START Dataset records
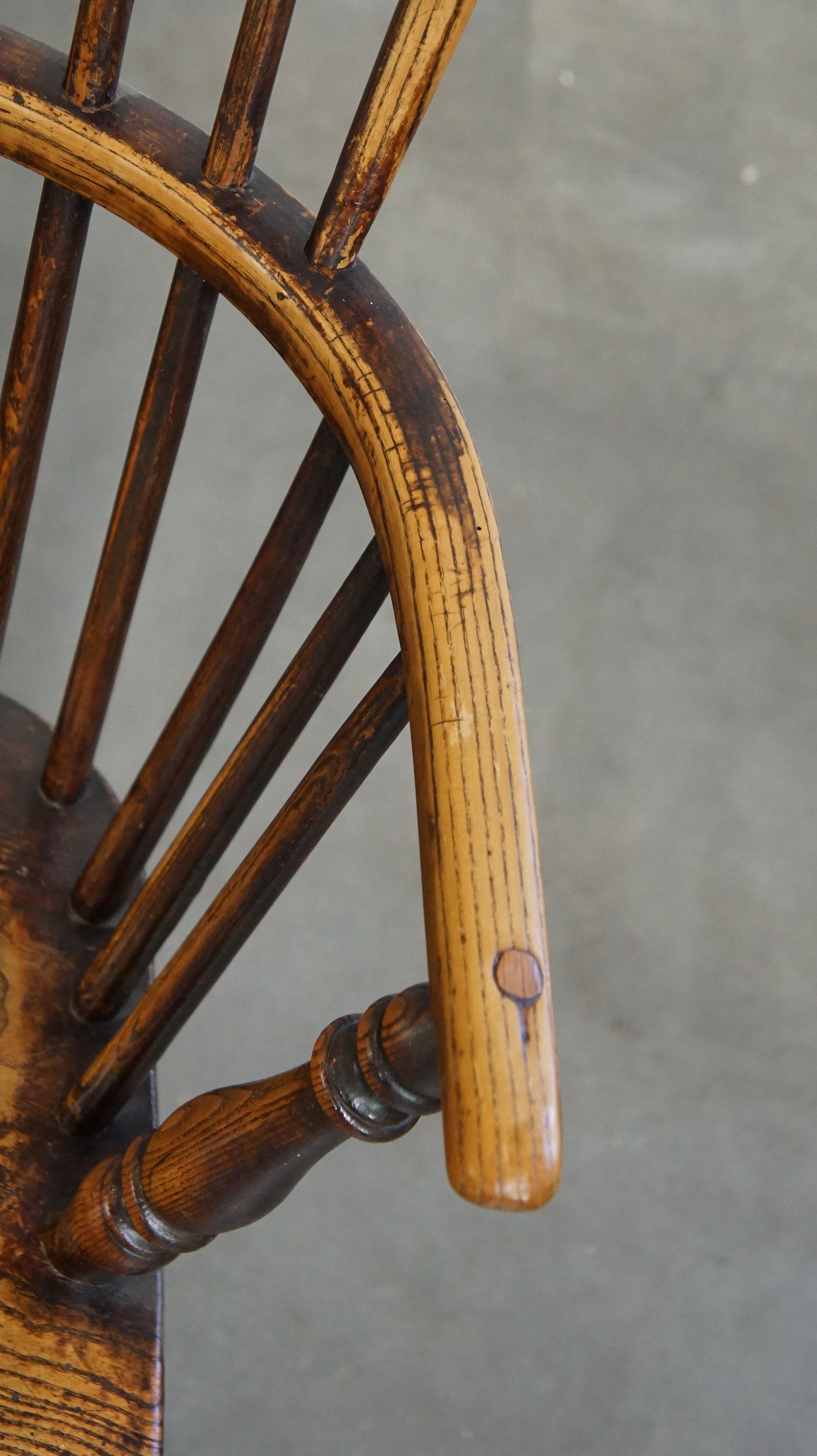 Ensemble de 2 très charmantes chaises de salle à manger anglaises anciennes à dossier haut Windsor en vente 2
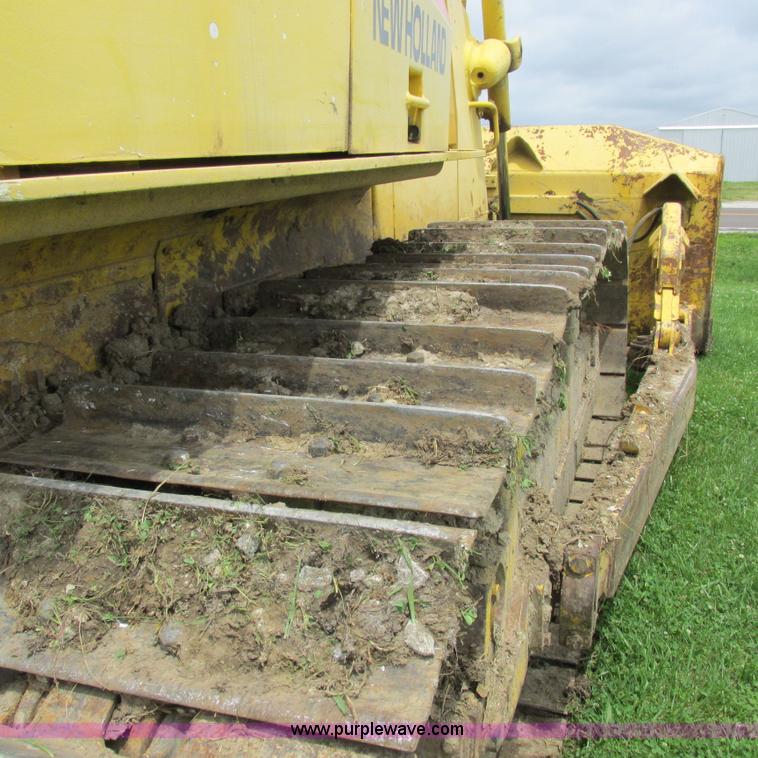 image for item K2171 2000 New Holland DC180 dozer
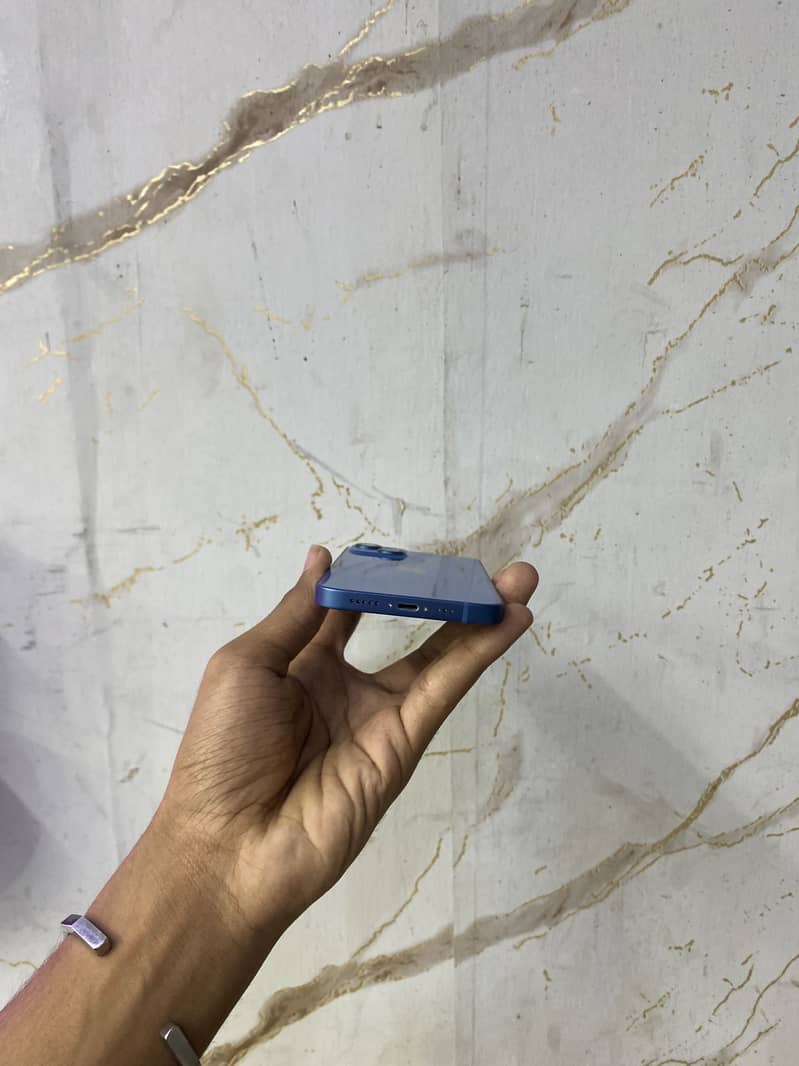 Apple iPhone 13 2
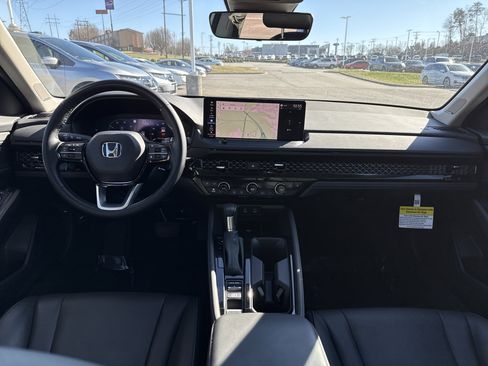 Certified 2024 Honda Accord Touring image 29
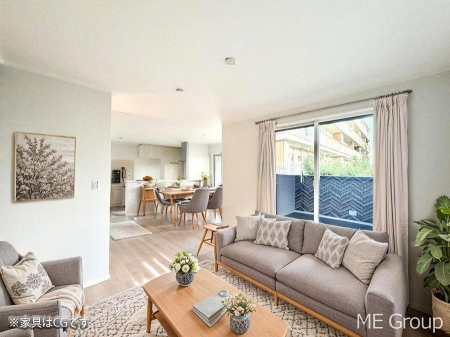 ���r���O ���������났�ƏΊ炪�W�܂�A�S���܂郊�r���O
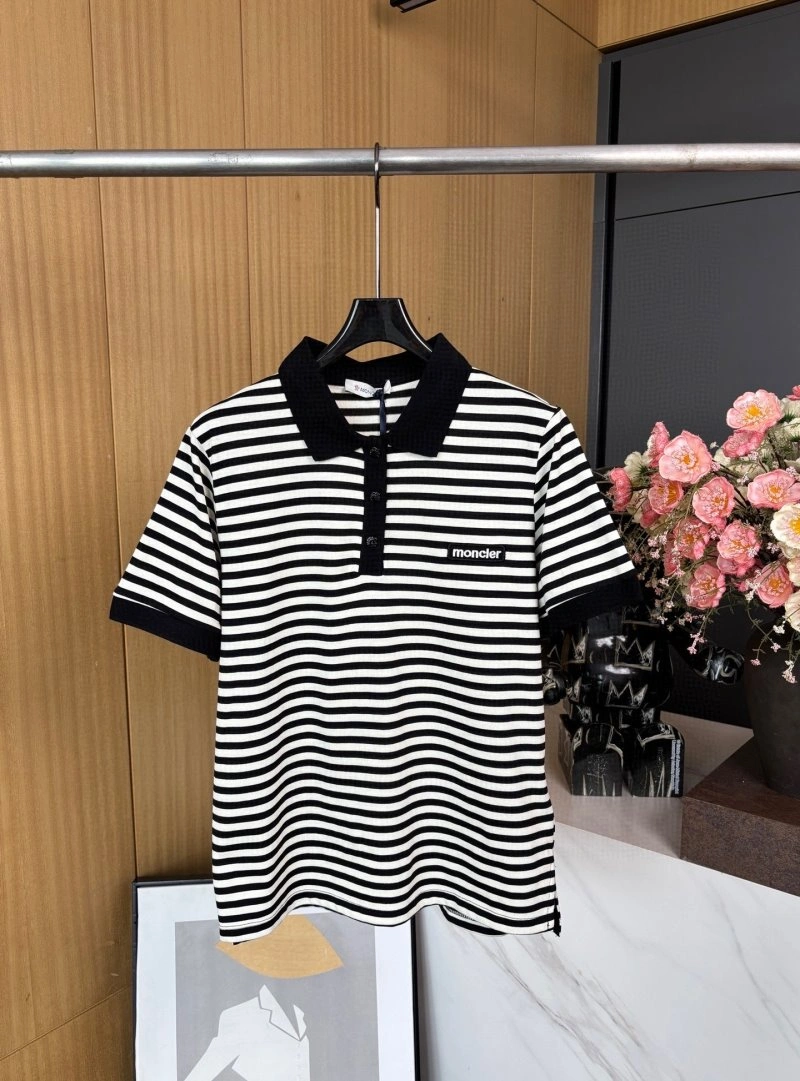 Moncler T-Shirts Youthful 139550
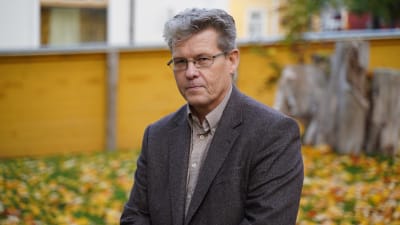 Dan Lindholm.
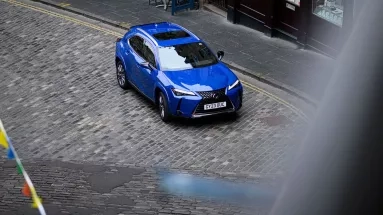To ανανεωμένο Lexus UX 300e έχει αυξημένη αυτονομία κατά 40%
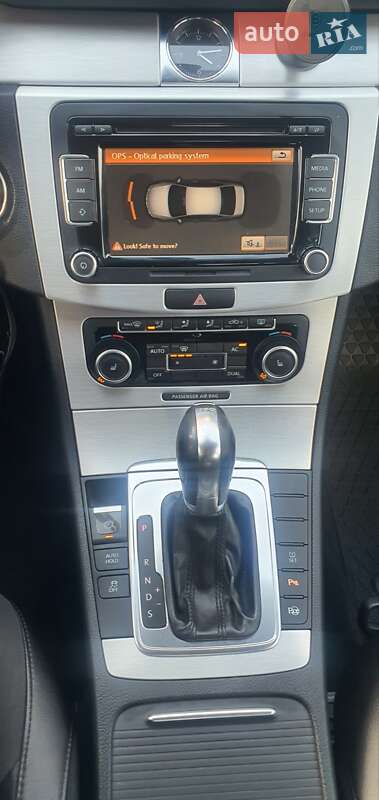 Volkswagen Passat 2011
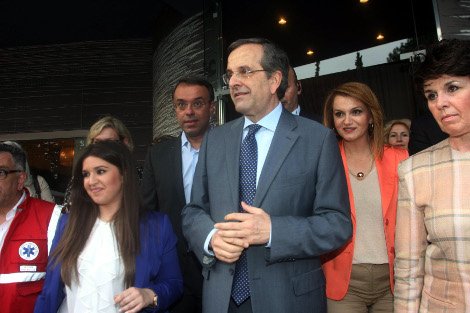 Ο Σαμαράς σε συγκέντρωση γυναικών στη Λαμία: Η νέα Ελλάδα είναι γένους θηλυκού | iefimerida.gr 3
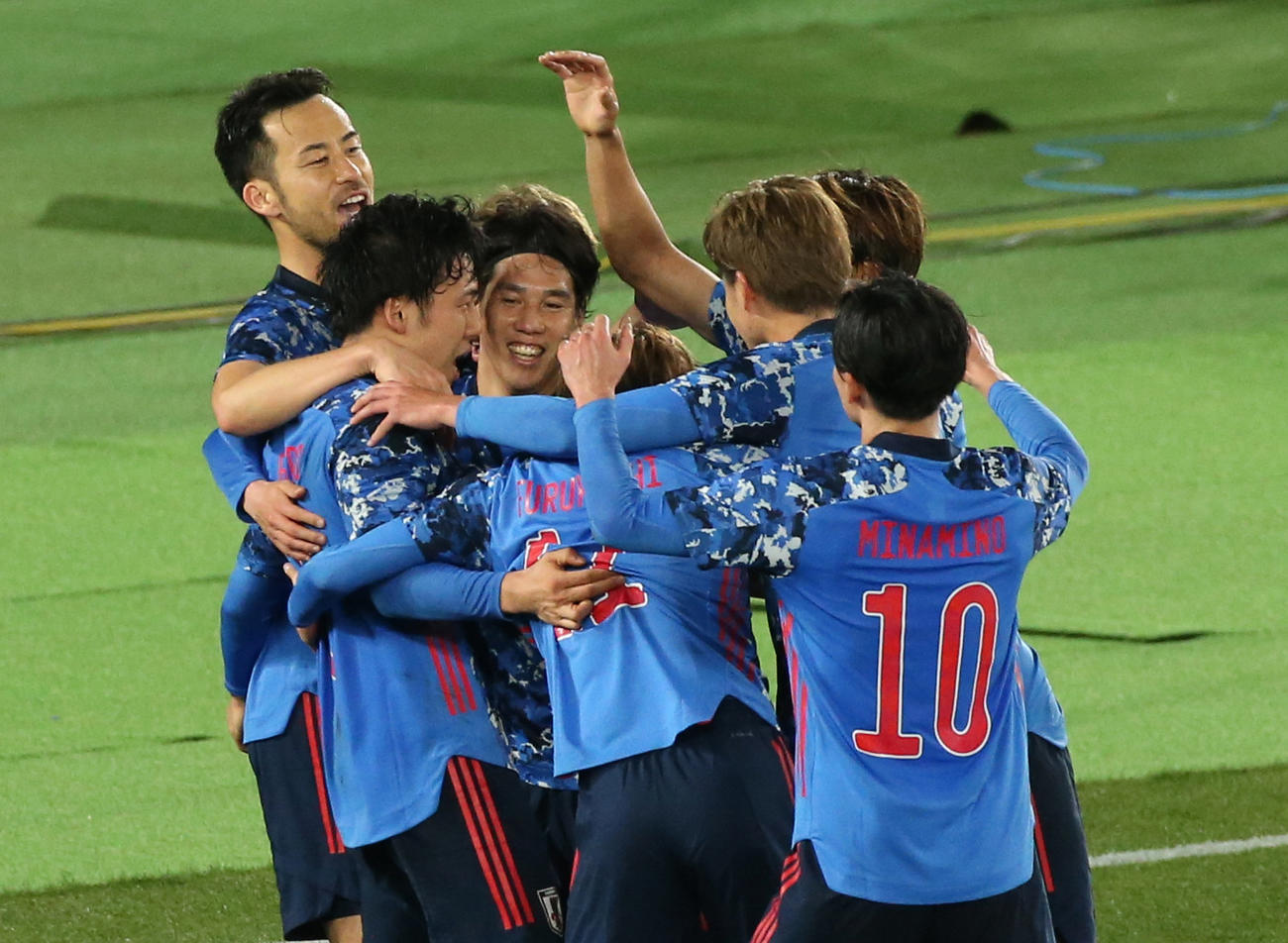 日本対韓国　後半、ゴールを決めた遠藤（左から2人目）は江坂（同3人目）、吉田（左）らと喜ぶ（代表撮影）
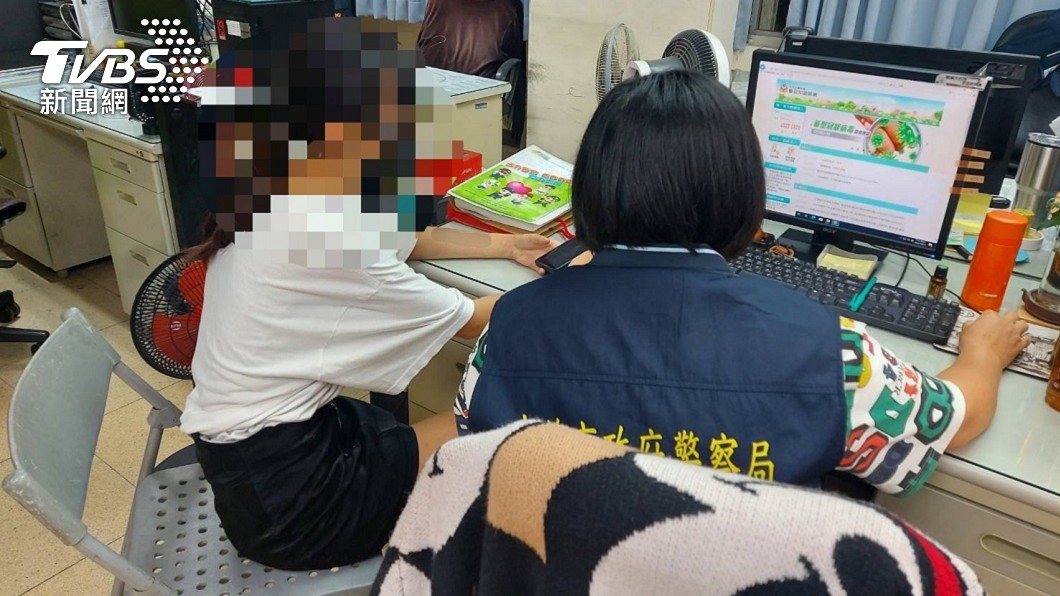 15歲女蹺家8天拉黑母姊手機 警1杯珍珠奶茶找到人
END Dataset records
▶ _Your goal_
Please output only the lines running from the one that holds "To ανανεωμένο Lexus" through the last line of the entries, both ends included, without any images.

▶ _Solution below_
To ανανεωμένο Lexus UX 300e έχει αυξημένη αυτονομία κατά 40%
 Volkswagen Passat 2011
 Ο Σαμαράς σε συγκέντρωση γυναικών στη Λαμία: Η νέα Ελλάδα είναι γένους θηλυκού | iefimerida.gr 3
 日本対韓国　後半、ゴールを決めた遠藤（左から2人目）は江坂（同3人目）、吉田（左）らと喜ぶ（代表撮影）
 15歲女蹺家8天拉黑母姊手機 警1杯珍珠奶茶找到人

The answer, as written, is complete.